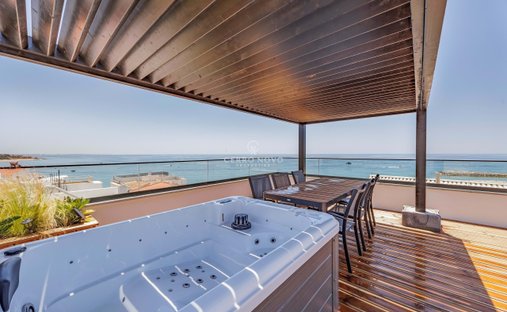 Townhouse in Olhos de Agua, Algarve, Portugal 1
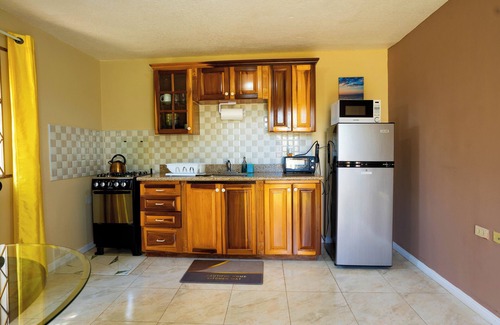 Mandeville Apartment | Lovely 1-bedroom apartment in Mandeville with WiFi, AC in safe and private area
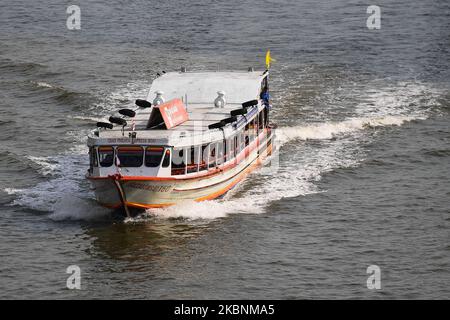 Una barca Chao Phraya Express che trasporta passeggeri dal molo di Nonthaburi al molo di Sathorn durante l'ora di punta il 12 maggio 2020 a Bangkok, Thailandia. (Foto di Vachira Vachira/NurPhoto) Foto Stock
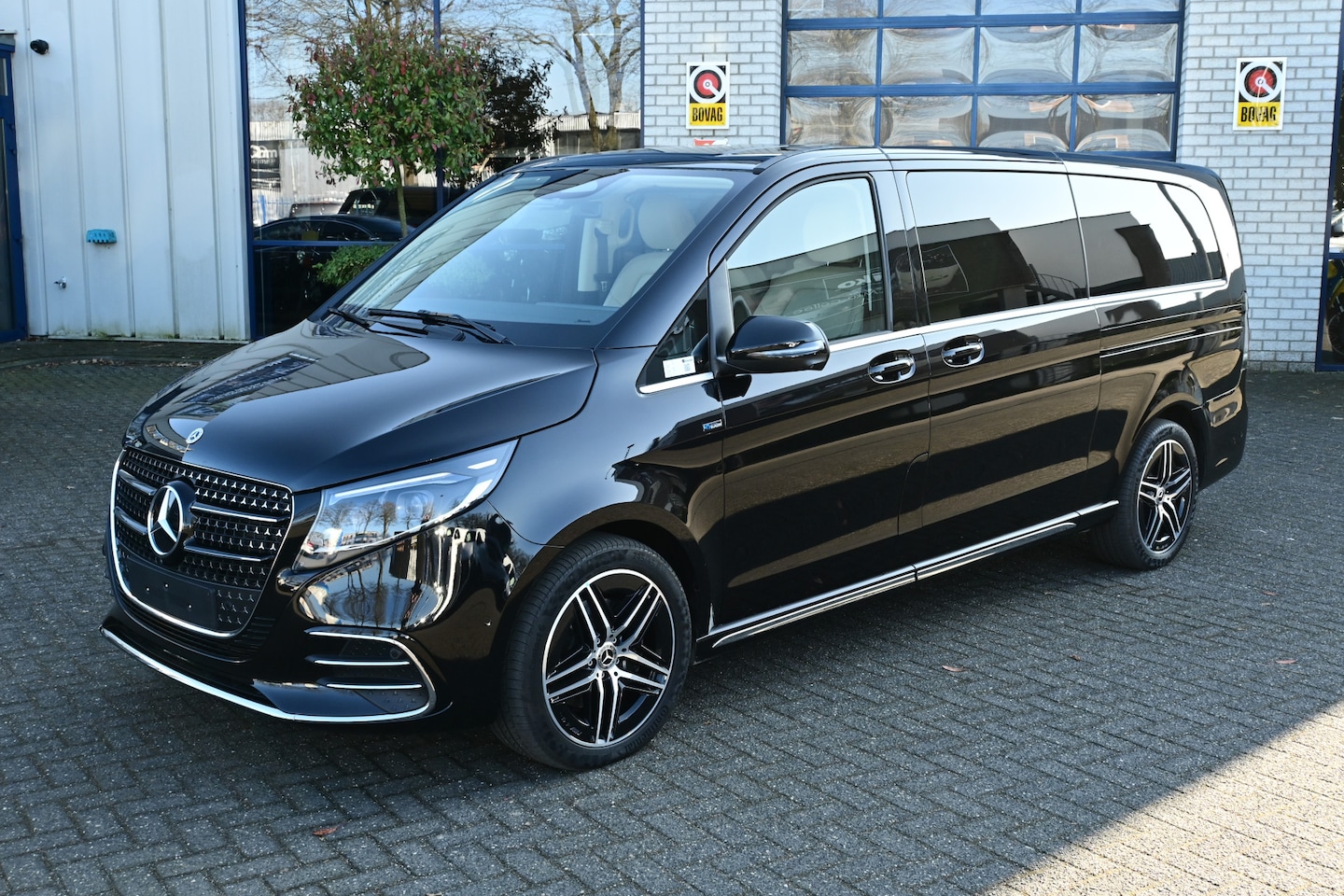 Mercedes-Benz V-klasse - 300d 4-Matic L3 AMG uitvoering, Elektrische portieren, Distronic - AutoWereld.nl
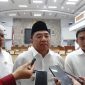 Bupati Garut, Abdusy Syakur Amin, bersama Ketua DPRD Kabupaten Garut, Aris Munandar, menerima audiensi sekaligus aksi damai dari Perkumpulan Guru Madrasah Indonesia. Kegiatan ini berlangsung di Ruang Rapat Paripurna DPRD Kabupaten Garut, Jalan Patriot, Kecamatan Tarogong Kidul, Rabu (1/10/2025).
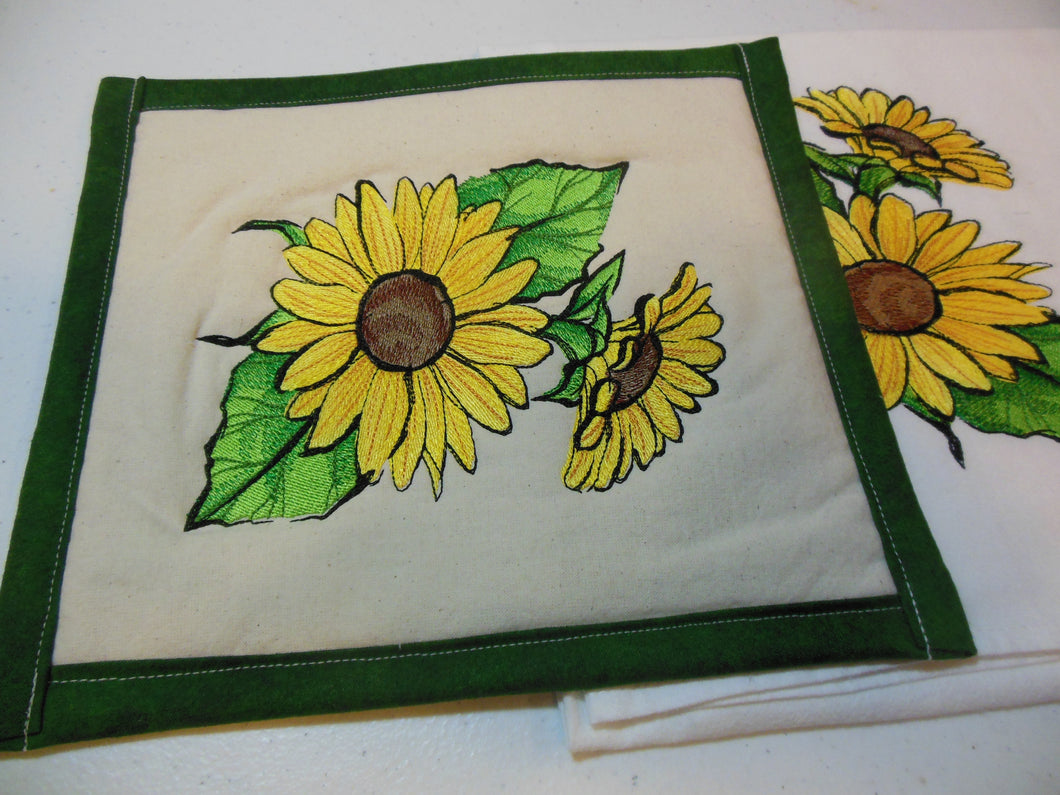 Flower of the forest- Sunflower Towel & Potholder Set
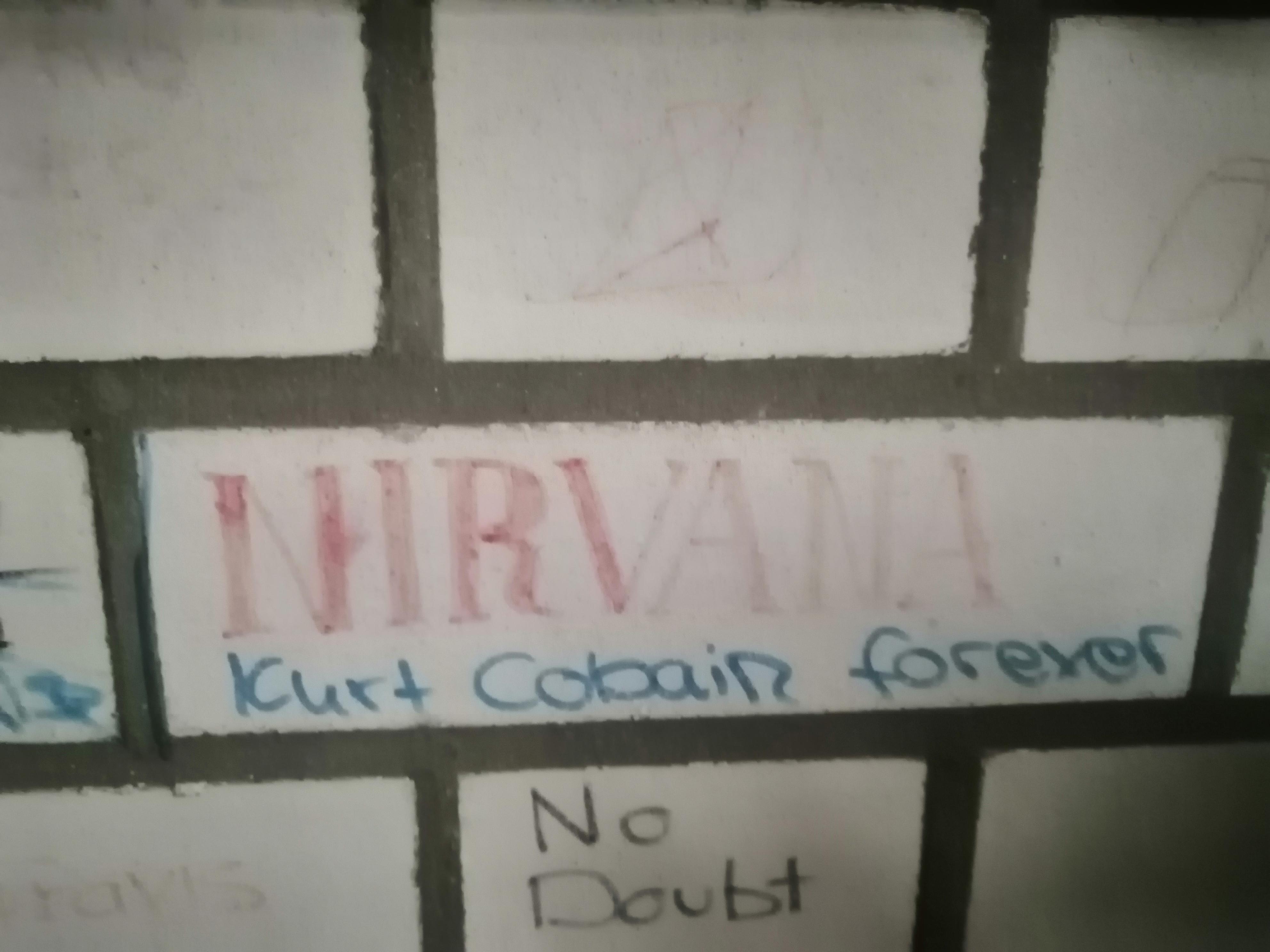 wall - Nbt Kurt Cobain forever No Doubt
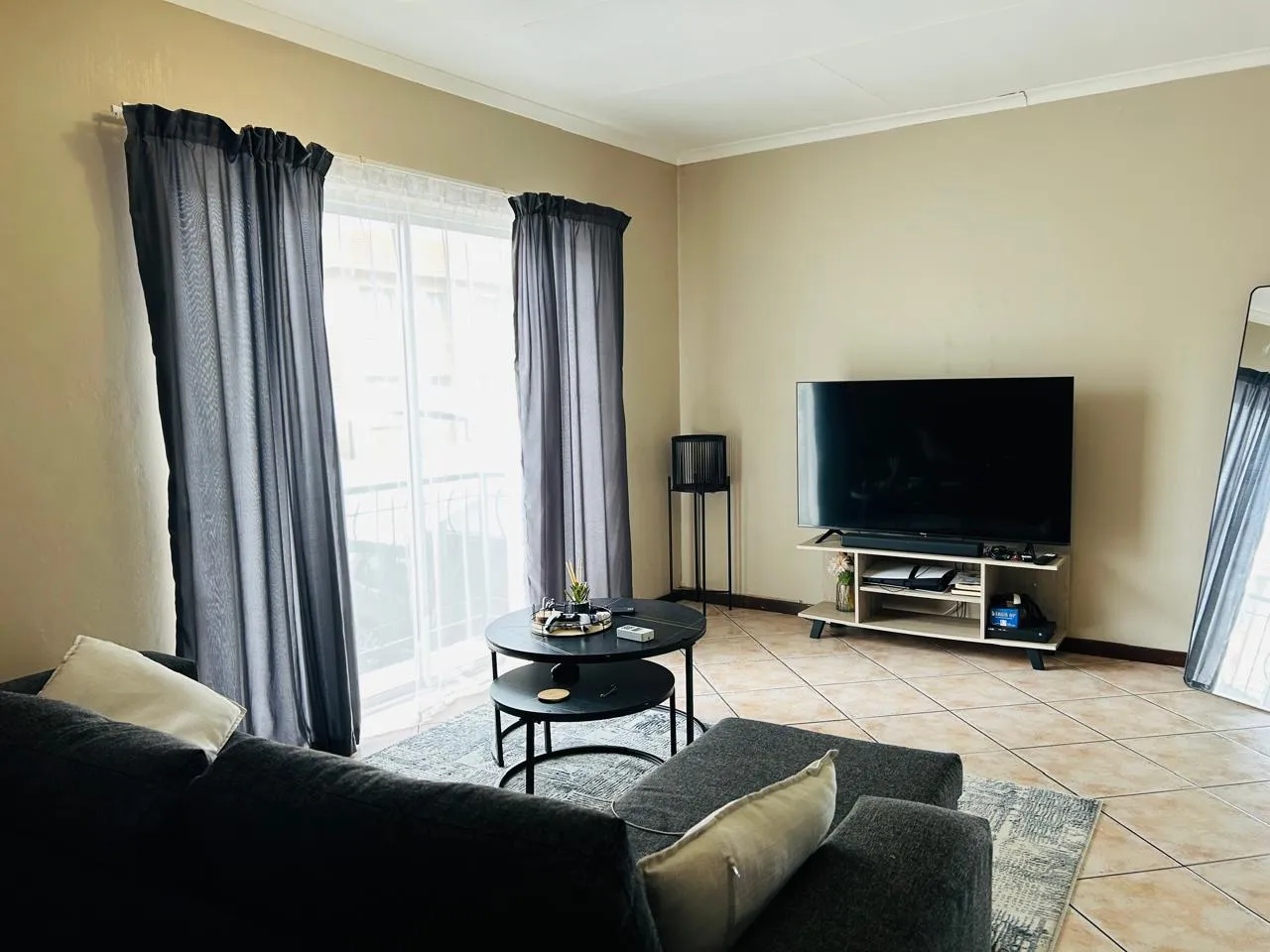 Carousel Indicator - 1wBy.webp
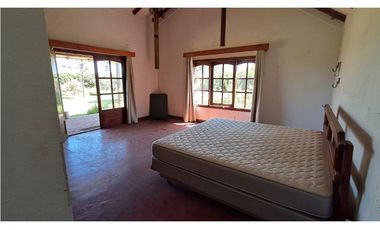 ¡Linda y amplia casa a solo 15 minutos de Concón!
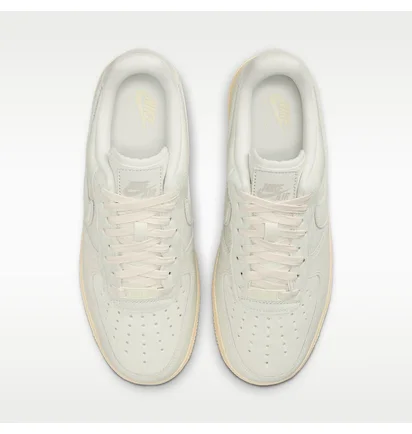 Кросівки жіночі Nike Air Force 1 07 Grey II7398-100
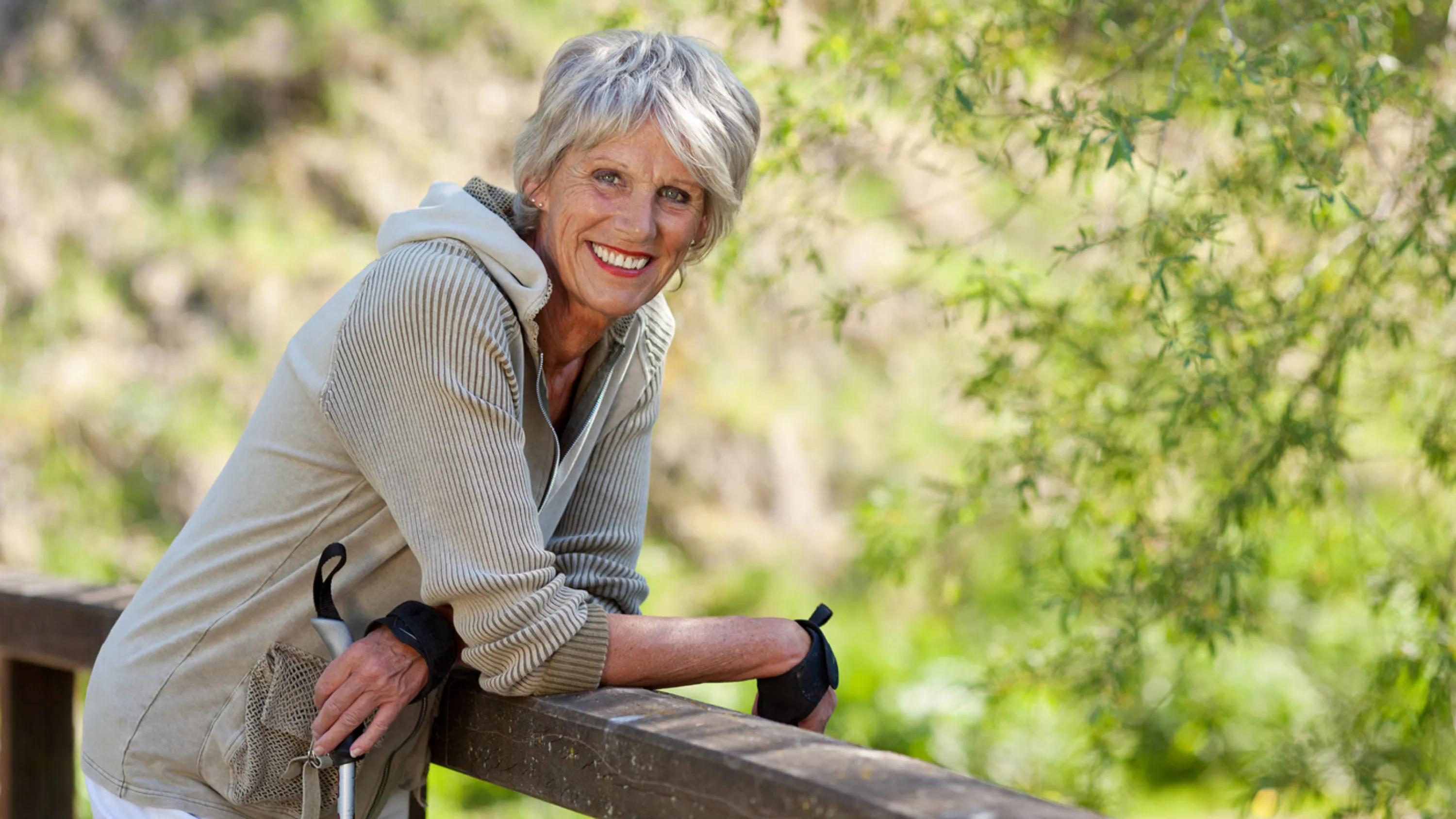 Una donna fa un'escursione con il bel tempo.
==================================================
-- PROBLEM STATEMENT --
Copy exactly, without pictures, the lines above from the one with "Mandeville Apartment |" down to the one with "Carousel Indicator - 1wBy.webp", inclusive.

-- ANSWER TO THIS TASK --
 Mandeville Apartment | Lovely 1-bedroom apartment in Mandeville with WiFi, AC in safe and private area
 Una barca Chao Phraya Express che trasporta passeggeri dal molo di Nonthaburi al molo di Sathorn durante l'ora di punta il 12 maggio 2020 a Bangkok, Thailandia. (Foto di Vachira Vachira/NurPhoto) Foto Stock
 Mercedes-Benz V-klasse - 300d 4-Matic L3 AMG uitvoering, Elektrische portieren, Distronic - AutoWereld.nl
 Bupati Garut, Abdusy Syakur Amin, bersama Ketua DPRD Kabupaten Garut, Aris Munandar, menerima audiensi sekaligus aksi damai dari Perkumpulan Guru Madrasah Indonesia. Kegiatan ini berlangsung di Ruang Rapat Paripurna DPRD Kabupaten Garut, Jalan Patriot, Kecamatan Tarogong Kidul, Rabu (1/10/2025).
 Flower of the forest- Sunflower Towel & Potholder Set
 wall - Nbt Kurt Cobain forever No Doubt
 Carousel Indicator - 1wBy.webp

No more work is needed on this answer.